Only the lines below from the one containing "Moradia Geminada T3" through the one containing "معلم دهانات داخليه" belong in the answer, repeated exactly and without pictures.

• RECORDS FOR THIS TASK

......

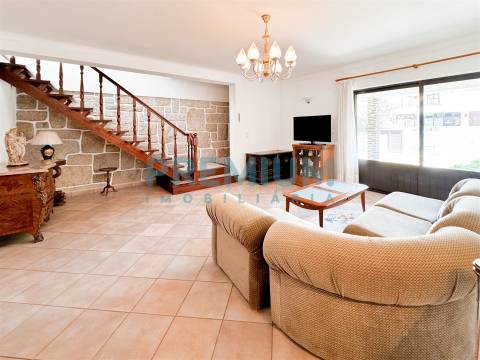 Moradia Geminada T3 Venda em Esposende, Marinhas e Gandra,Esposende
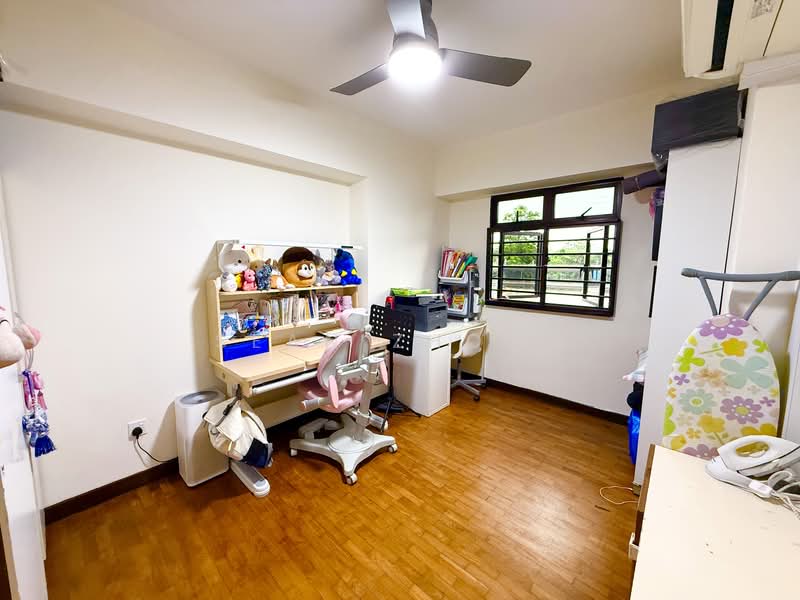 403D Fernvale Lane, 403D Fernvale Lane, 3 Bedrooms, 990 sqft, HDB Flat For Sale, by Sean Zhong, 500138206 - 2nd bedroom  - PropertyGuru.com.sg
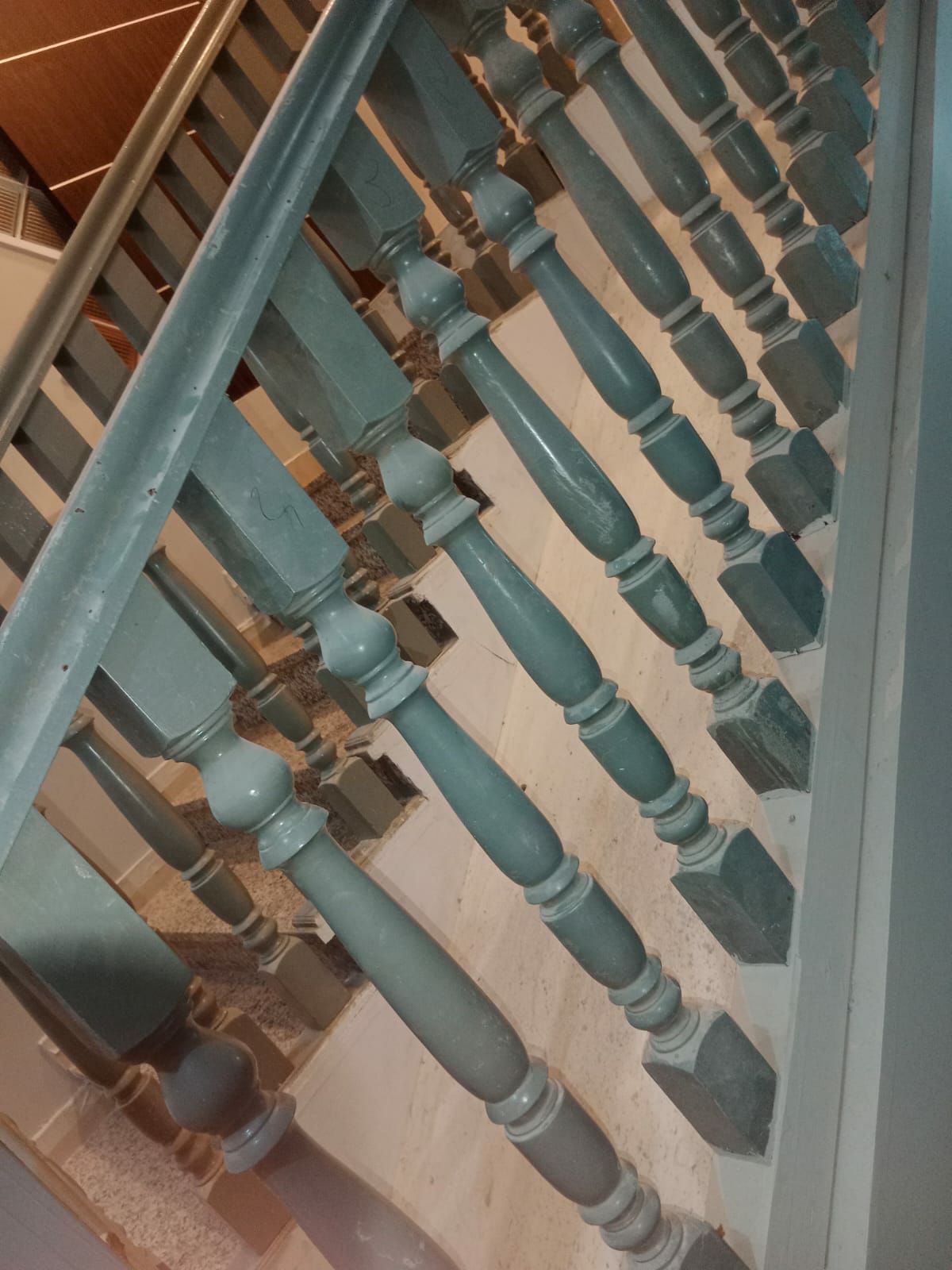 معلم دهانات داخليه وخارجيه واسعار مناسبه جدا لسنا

......

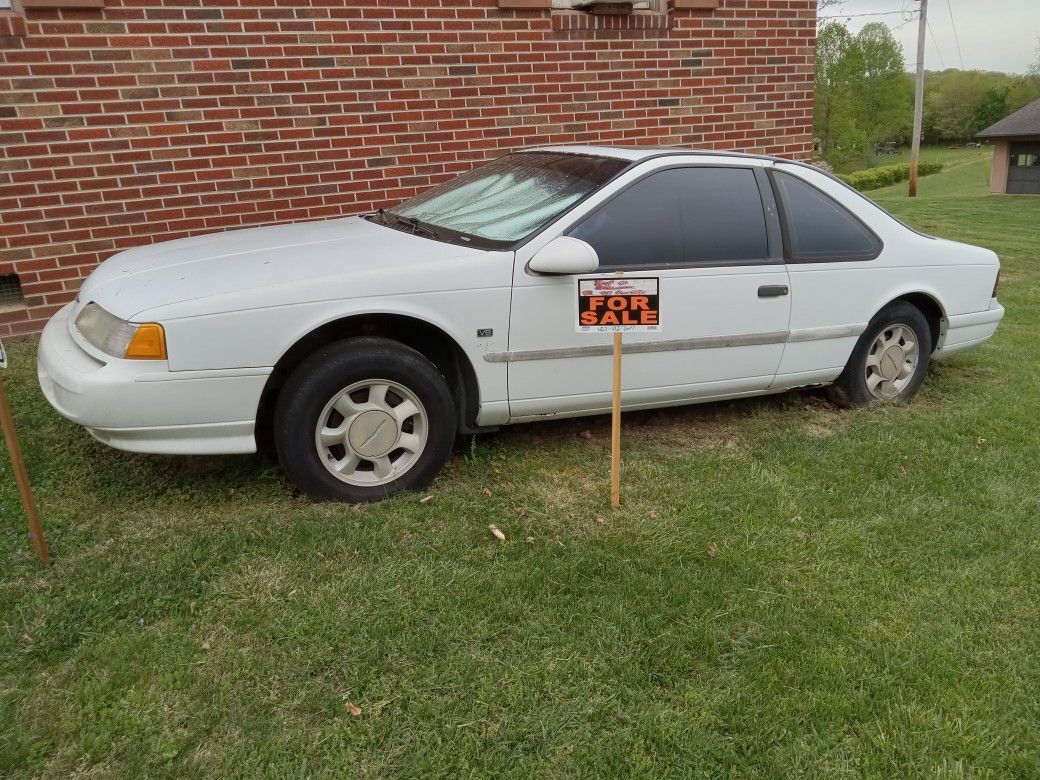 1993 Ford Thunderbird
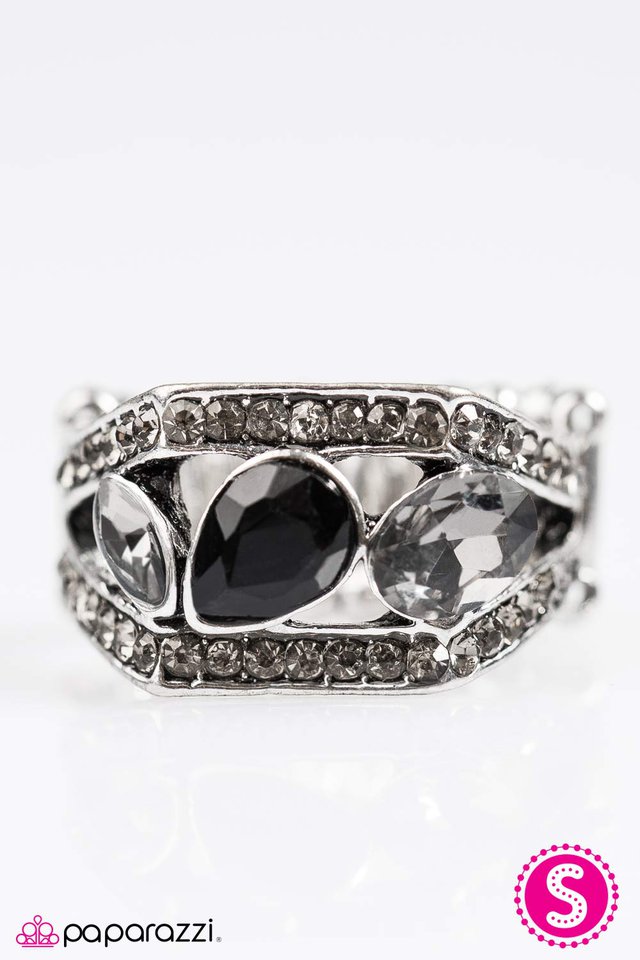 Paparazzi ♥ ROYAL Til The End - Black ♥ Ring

......

• EXERCISE RESULT
 Moradia Geminada T3 Venda em Esposende, Marinhas e Gandra,Esposende
 403D Fernvale Lane, 403D Fernvale Lane, 3 Bedrooms, 990 sqft, HDB Flat For Sale, by Sean Zhong, 500138206 - 2nd bedroom  - PropertyGuru.com.sg
 معلم دهانات داخليه وخارجيه واسعار مناسبه جدا لسنا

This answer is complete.